A carta de Flaubert que inspirou “Memórias de Adriano”

Por Manuel Llorente



 
“Quando os Deuses tinham deixado de existir e o Cristo ainda não viera, houve um momento único na história, entre Cícero a Marco Aurélio, em que o homem ficou sozinho.” Este fragmento da carta que Gustave Flaubert escreveu em 1861 (?) para Edna Roger des Genettes foi o que despertou em Marguerite Yourcenar a ideia que a levou escrever Memórias de Adriano (1951), seu romance mais conhecido. Assim pensou a escritora francesa: “Muito da minha vida passaria na tentativa de definir, depois de retratar, este homem sozinho e, ao mesmo tempo, ligado a tudo”.
 
O autor de Madame Bovary foi um livro aberto. Ao longo das quase 4.500 cartas preservadas, deixou amostras de como progredia, muito lentamente, em seus romances, as decepções, os projetos, as reflexões literárias ou mundanas. Devem ser lidas ao mesmo tempo que seus livros para compreender a complexidade de um escritor solitário, tenaz e desencantado. E durante anos marginalizado, até que em meados do século passado começou a ser celebrado. Mario Vargas Llosa, um fervoroso admirador, escreveu de maneira muito clara: “Madame Bovary inaugura o romance moderno e estabelece as bases para a grande revolução narrativa que anos mais tarde seria protagonizada por um Marcel Proust, um James Joyce, uma Virginia Woolf, um Franz Kafka e um Thomas Mann. Até Flaubert, o romance era considerado um gênero comum.”
 
As cartas de Flaubert, ao contrário das de outros escritores, não são restritas ao papel usual, mas mostram sua cartografia e é o espaço onde o escritor aborda questões relevantes. Verifiquemo-lo na de 16 de janeiro de 1852, dirigido à sua amante Louise Colet, uma das cerca de 350 que se publicam na edição de O fio do colar.
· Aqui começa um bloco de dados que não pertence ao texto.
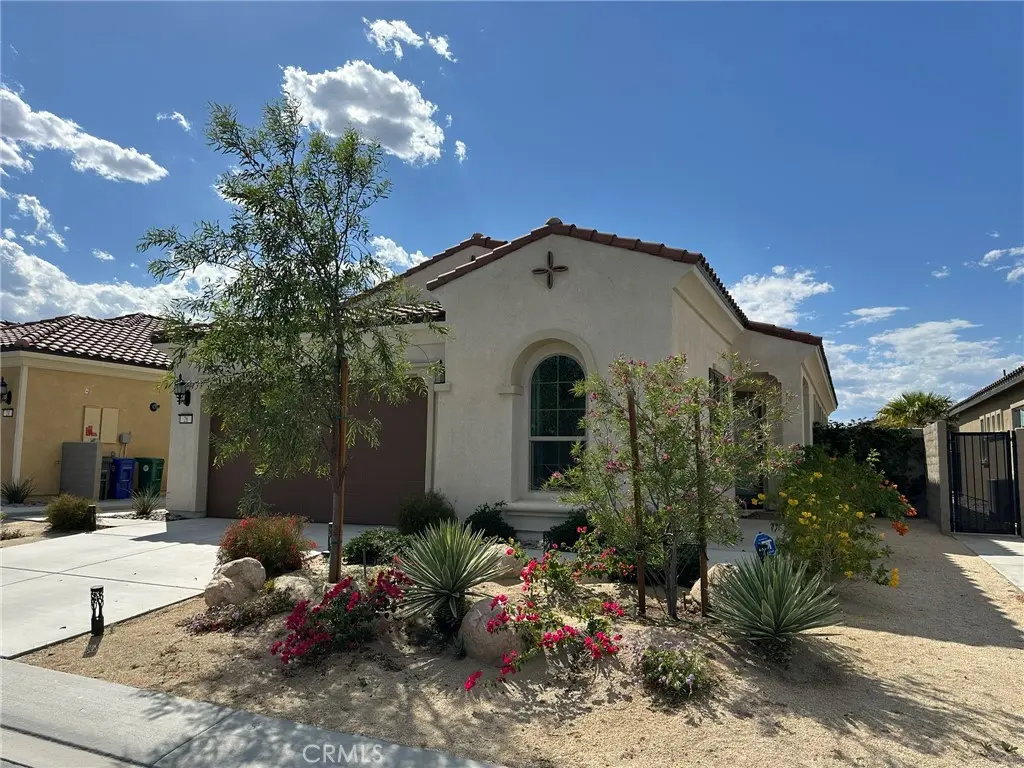 Single Family Residence for rent at 26 Carmenere, Rancho Mirage, CA featuring 2 beds and 2 baths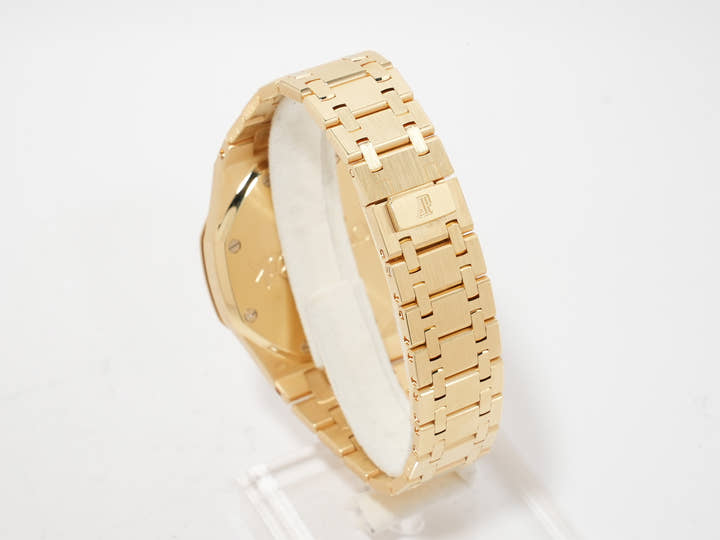 Audemars Piguet Royal Oak Ref. 14790BA.OO.0789BA.03 Yellow Gold Champagne Dial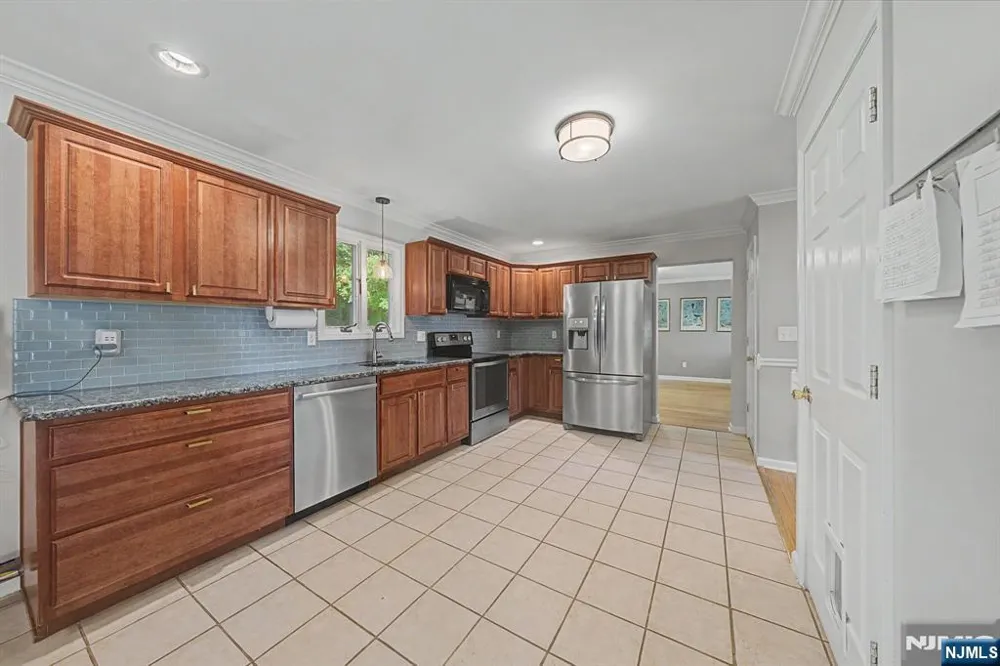 5 Valhalla Way Rockaway Township, NJ 07866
Correspondência (trad. livre para a antologia organizada por Antonio Álvarez de la Rosa [Alianza Editorial], El hilo del colar: correspondencia). Diz sobre Madame Bovary: “Em quatro dias escrevi cinco páginas, mas até agora estou me divertindo.” Paixão e trabalho, sempre em busca da palavra certa e insubstituível. Reconhece que A educação sentimental é um fracasso, “sempre será defeituoso, faltam muitas coisas e é um livro sempre fraco por falta (...) O todo teria que ser rearranjado, dois ou três capítulos refeitos e, o mais difícil de tudo, escrever um capítulo que faltava e no qual apareceria (...)”.
 
Nessa mesma carta, pode-se apreciar sua solidão, sua vida provinciana em Rouen: “Aqui, voltei a encontrar a tranquilidade. Faz um tempo horrível, o rio tem curso de oceano e nenhuma alma passa sob minhas janelas”. Um comentário mais leve: “Os afetos que escorrem gota a gota do coração acabam formando estalactites. Isso é melhor do que as grandes torrentes que o carregam. Essa é a verdade e eu me apego a ela.” E outra: “Analise-se bem: você teve algum sentimento que tenha desaparecido? Não, tudo permanece, certo? Tudo. As múmias que temos no coração nunca viram pó e, quando enfiamos a cabeça pela claraboia, vemos eles caídas, imóveis, olhando para nós com os olhos arregalados.” E uma última: “Não dá para ter uma [consagração] mais bela: sentir-se renegado por sua família e por sua terra!”
 
Essa carta continua a dizer de si e também explica o título desta seleção: “Com que paixão esculpi as pérolas do meu colar! Só esqueci uma coisa: o fio”. As descobertas devem ter algo que as alinhave. E para finalizar com essa carta: “O que eu gostaria de fazer é um livro sobre nada (...) quase sem assunto (...) As obras mais bonitas são aquelas que têm menos matéria (...) Acho que o futuro da Arte vai por esses caminhos”. Isso dito em 1852 tem o seu peso.
 
Antonio Álvarez de la Rosa desconstrói o tema, tão difundido, da frase: “Madame Bovary sou eu”. “Flaubert nunca escreveu essa frase, não apenas em sua correspondência, mas nem mesmo em uma das milhares de notas em seus cadernos. Trinta anos após sua morte, René Descharmes, nada menos que um dos primeiros especialistas de sua obra, disse que um amigo de Flaubert lhe contou..., ou seja, um boato transformado em verdade acadêmica”, escreve no livro. “Ele mesmo o explica: ‘Madame Bovary não tem nada de verdadeiro. É uma história totalmente inventada; nela não coloquei nada sobre meus sentimentos ou minha existência.” Mas ele defende sua concepção do romance na mesma linha: “O artista deve estar em sua obra como Deus na criação, invisível e todo-poderoso; ele pode ser sentido em toda parte, mas não visto”. Álvarez de la Rosa reflete assim: “Onisciente, sim, mas sem que nenhum leitor perceba, sem que a personalidade do autor apareça em cena. A impessoalidade é o grande princípio de sua estética”.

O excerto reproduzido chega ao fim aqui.